Tuesday, March 18, 2008

Breaking News

Tonight I finished reading "How to Break Software" by James A. Whittaker, 203 (C), ISBN 0-201-79619-8. I think the book is/was used as a text book on software testing at Florida Institute of Technology.

    There were a couple of things that stuck in my mind from reading the book.
  • Ultimately, and conceptually most accurately, all 'application software' interacts only with the Operating System. It is one job of the Operating System (OS) to provide access to various forms of I/O and other resources to the application software.
  • When this book was written, various special testing applications were used as wedges between the software under test and the Operating System to supply bogus I/O and envirounments to the tested software as part of the test program.

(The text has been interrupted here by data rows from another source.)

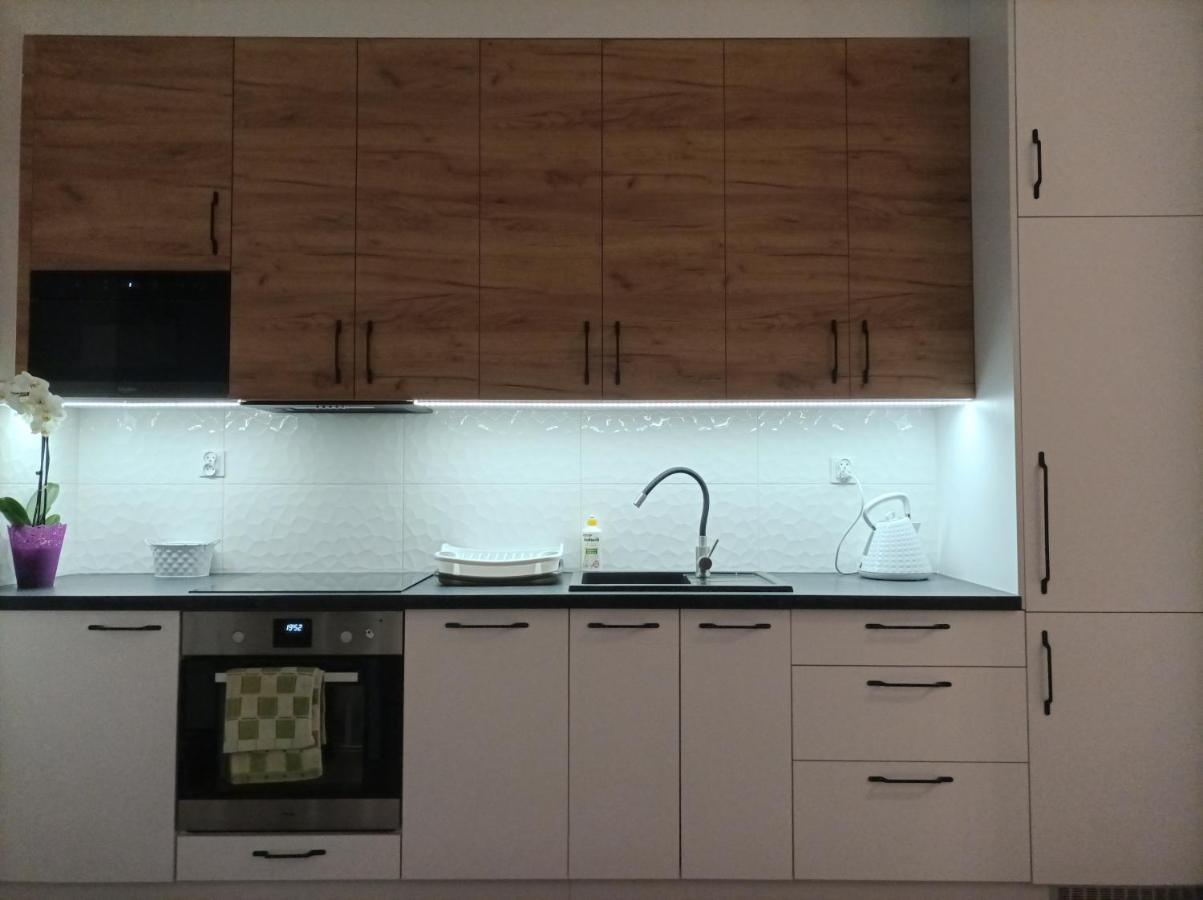 Apartament Zielone Tarasy Жешув Экстерьер фото
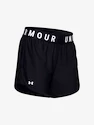 Spodenki damskie Under Armour  Play Up 5in Shorts-BLK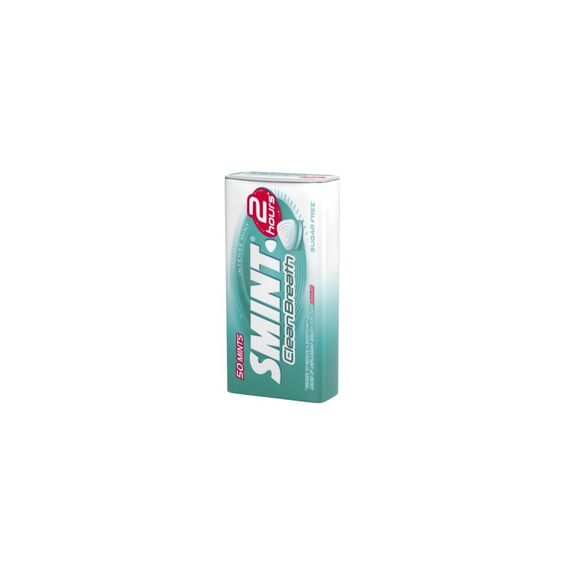 Smint Clean Breath Intense Mint 35g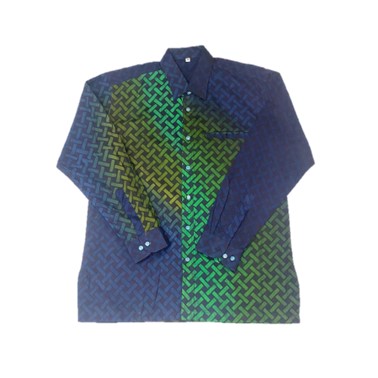 LONG SLEEVE BATIK SHIRT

The time period since this book was written has seen the rise of OS virtualization in importance. Perhaps this has already been worked out, but it seems the ability to dynamicly inject I/O reactions and make arbitrary changes on demand to the the percieved environment of the application/OS system seems to be a logical developement to OS virtualization. By this I mean to literally dial in/make changes on the fly. This would effectively replace these 'wedge programs' with virtualized OS's, and would also extend the testing methodologies Whittaker documents to prepackaged app/virtual OS bundles.

Also I can't recall much in the way of specific web application testing information in the book. Sun proclaimed "The network is the computer", and the client is as much a part of that computer as the server and any intermediate routers are. One continually hears about the difficulty of testing web applications against all possible browsers the people out in user land may be using. An ideal client would of course adhere to all web standards strickly, but today no one is using such an abstraction in the real world. An ideal *test* client would be able to dial in the actual behaviour of all real world browsers as well as the ideal, perfect standard complient browser. Such a test tool would not only be a breakthrough in web testing, but the ideal chamleonic browser for the user, to deal with all the weird, poorly tested 'web apps' on the Internet.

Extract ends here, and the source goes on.